[Start of section]
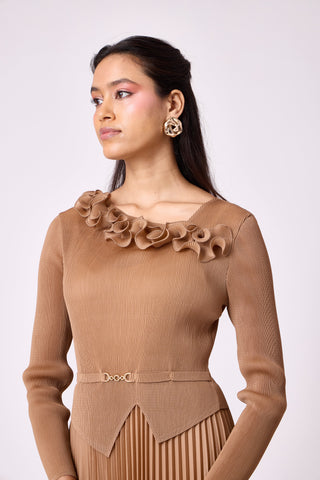 Elanor Ruffle Dress - Mocha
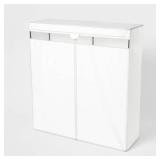 60" Wide Covered Storage Closet White - Brightroom: Portable Garment Rack, Steel Frame, Adult Assembly Required
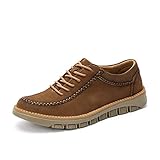 SeeuAGgin Outdoor-Kletterschuhe Herren Wanderschuhe Leder Schnürschuhe Moc Runde Zehennaht Flach rutschfest (Color : Brown, Size : 39 EU)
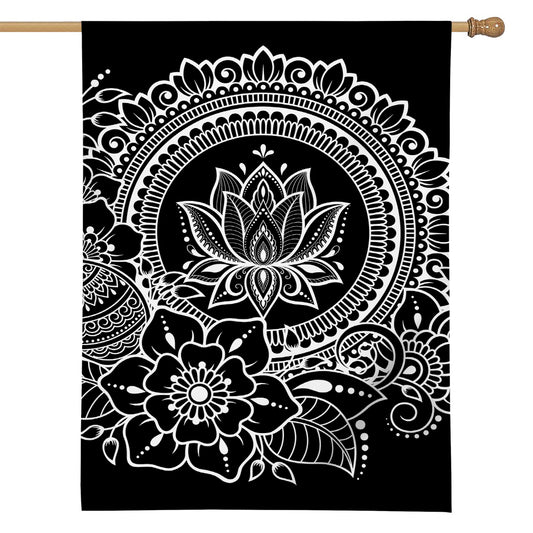 Black And White Lotus Flower Print House Flag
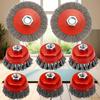 8-Piece Knotted Wire Cup and Disc Brush Set for Removal and Polishing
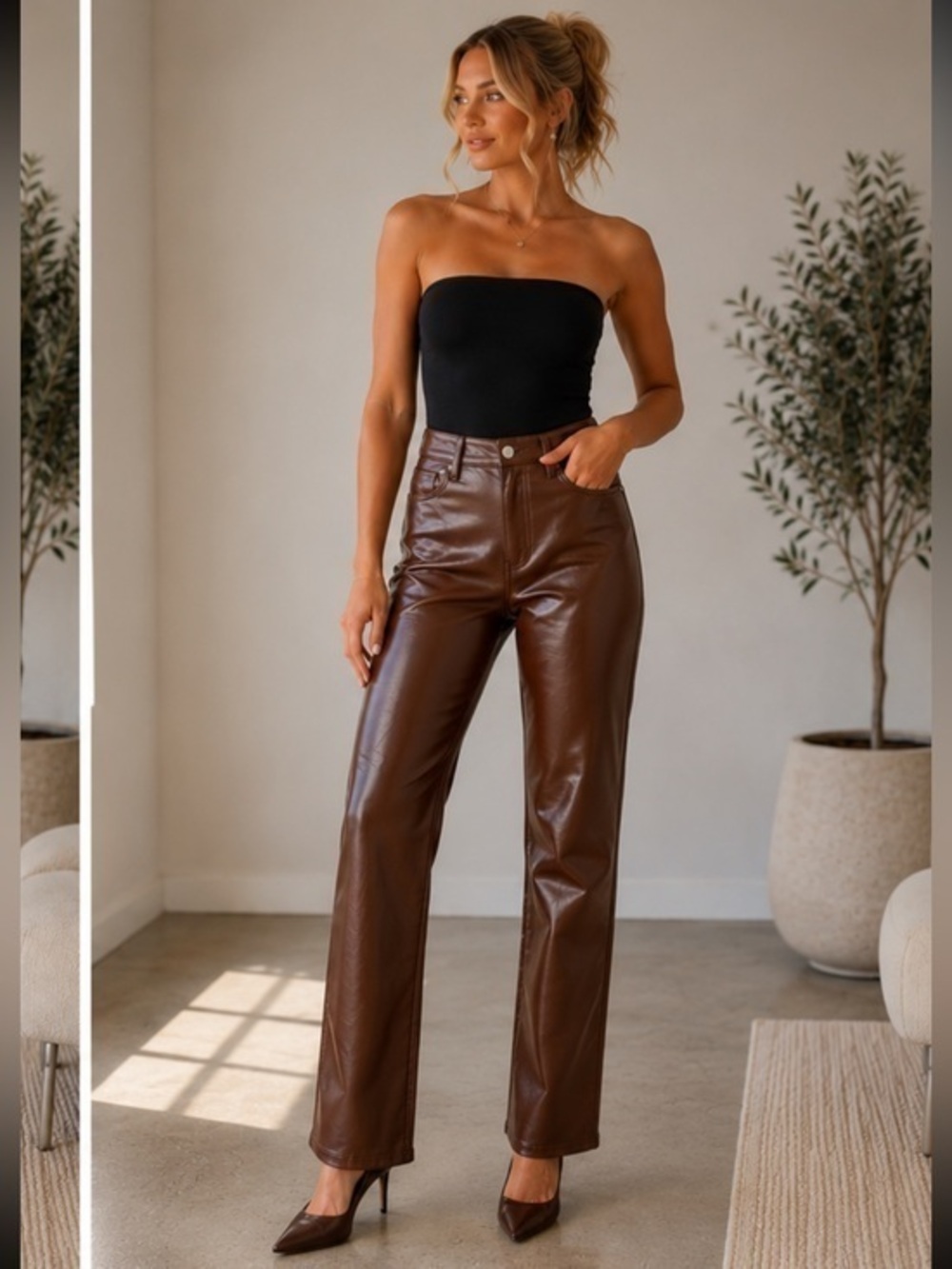 Wilfred Aritzia Brown Faux Leather Straight Leg Pants High Rise Vegan Leather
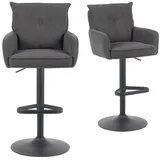 dubi möbel 2er Set Barhocker Höhenverstellbar, 360° drehbar, Barstuhl mit Rückenlehne & Armlehnen, ergonomisch gepolstert, stabiles Metallgestell in Schwarz, Feincord Anthrazit, Modell Nova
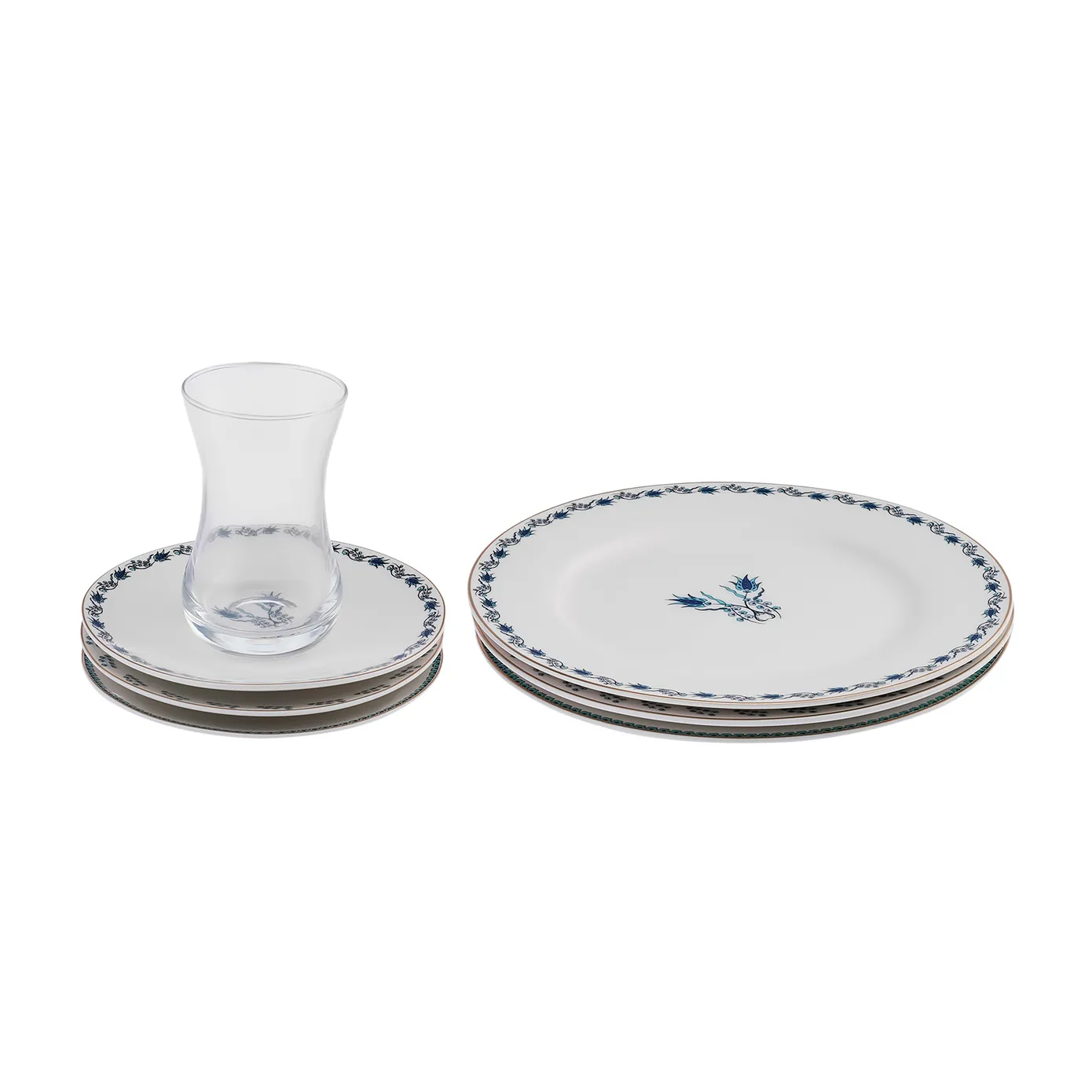 Karaca iznik 18 Piece Porcelain Serveware Set for 6 People, 19cm, White Multi - Image 8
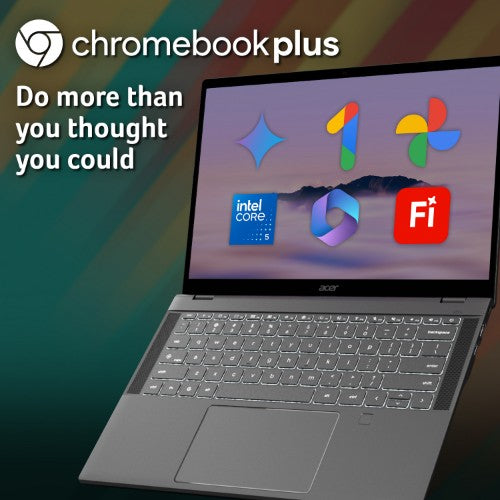 Acer Chromebook Plus 514 CB514-5H Traditional Laptop - Intel Core 5 120U, 8GB, 512GB SSD, Integrated Graphics, 14" WUXGA, Chrome OS, Iron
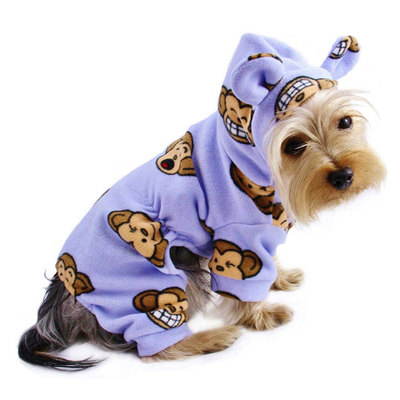 Klippo Dog Clothes Silly Monkey Fleece Dog Pajamas Hooded Lavender XS-XL  Puppy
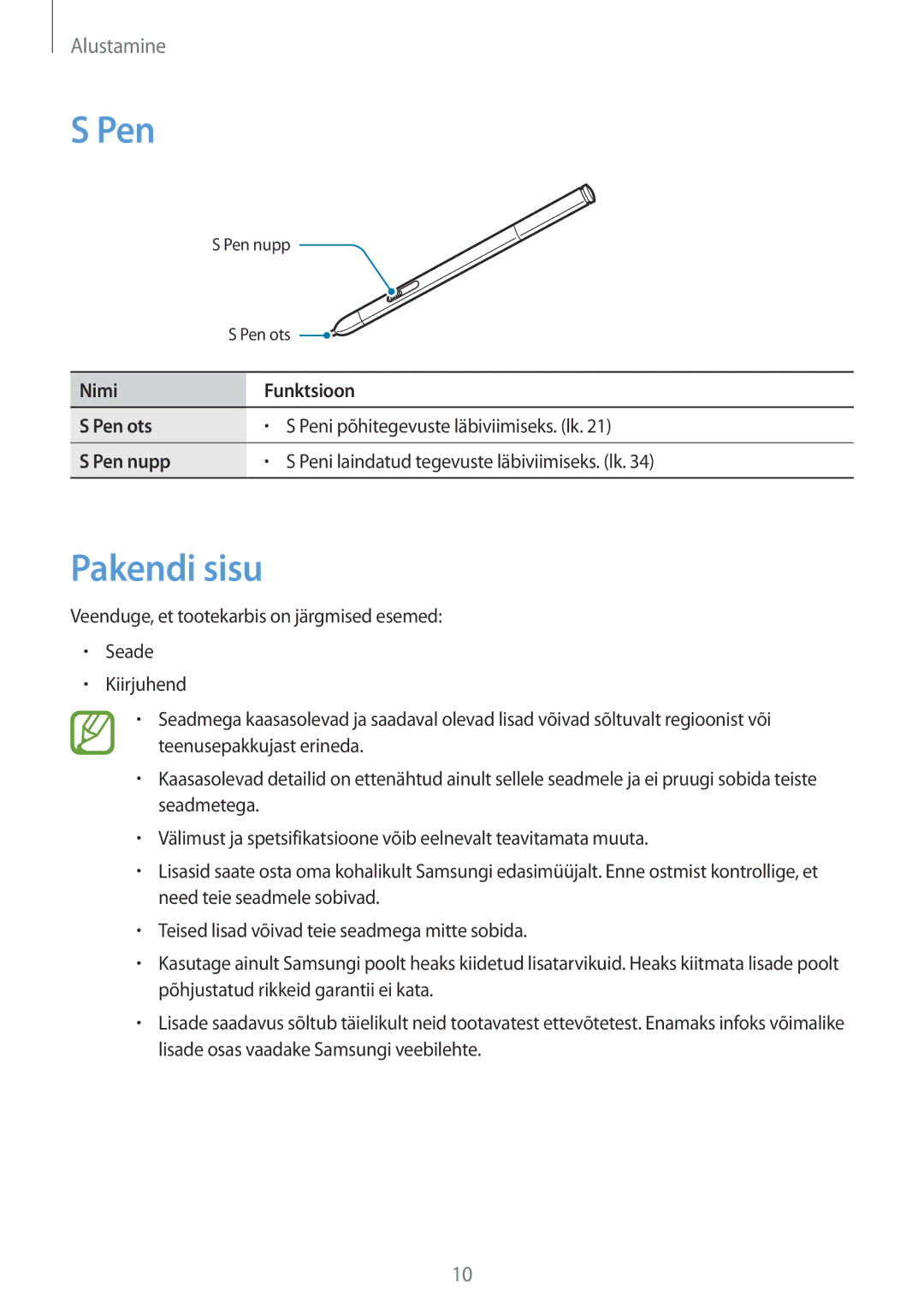 Samsung SM-P9050ZKASEB, SM-P9050ZWASEB manual Pen, Pakendi sisu 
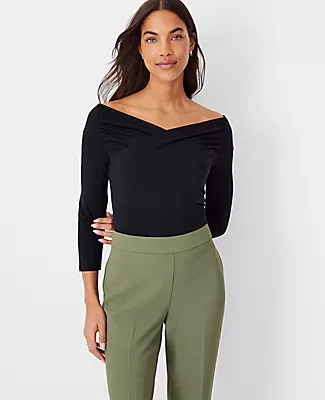 Ann Taylor Shirred Knit Wrap Top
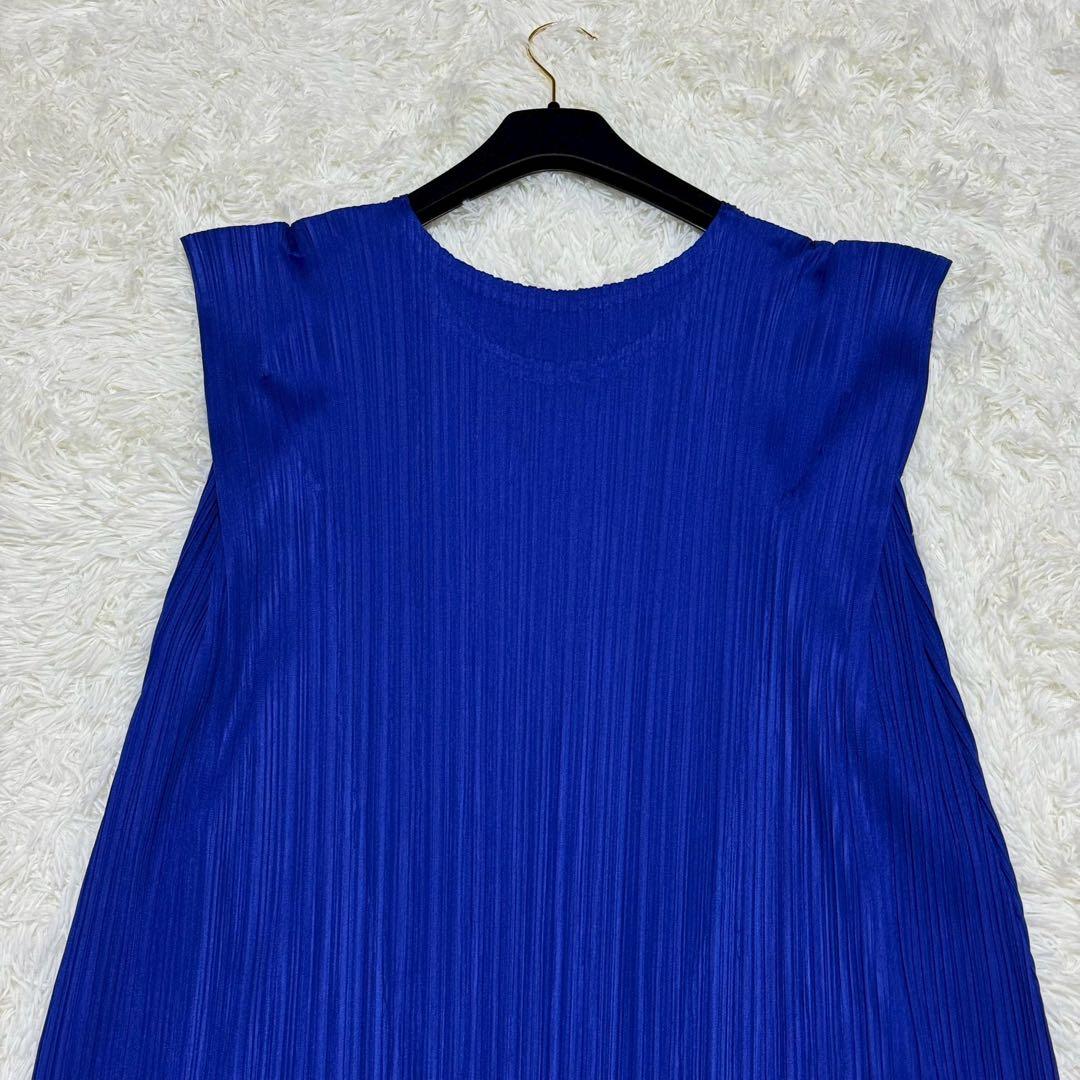 極美品 プリーツプリーズ フレンチスリーブ チュニック Aライン フレア ブルー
[End of section]
_Task directions_: The required output is a verbatim repetition of the lines from the opening of the entries above through the line containing "8-Piece Knotted Wire", inclusive, with no pictures and nothing else.

_Task solution_:
 Elanor Ruffle Dress - Mocha
 60" Wide Covered Storage Closet White - Brightroom: Portable Garment Rack, Steel Frame, Adult Assembly Required
 SeeuAGgin Outdoor-Kletterschuhe Herren Wanderschuhe Leder Schnürschuhe Moc Runde Zehennaht Flach rutschfest (Color : Brown, Size : 39 EU)
 Black And White Lotus Flower Print House Flag
 8-Piece Knotted Wire Cup and Disc Brush Set for Removal and Polishing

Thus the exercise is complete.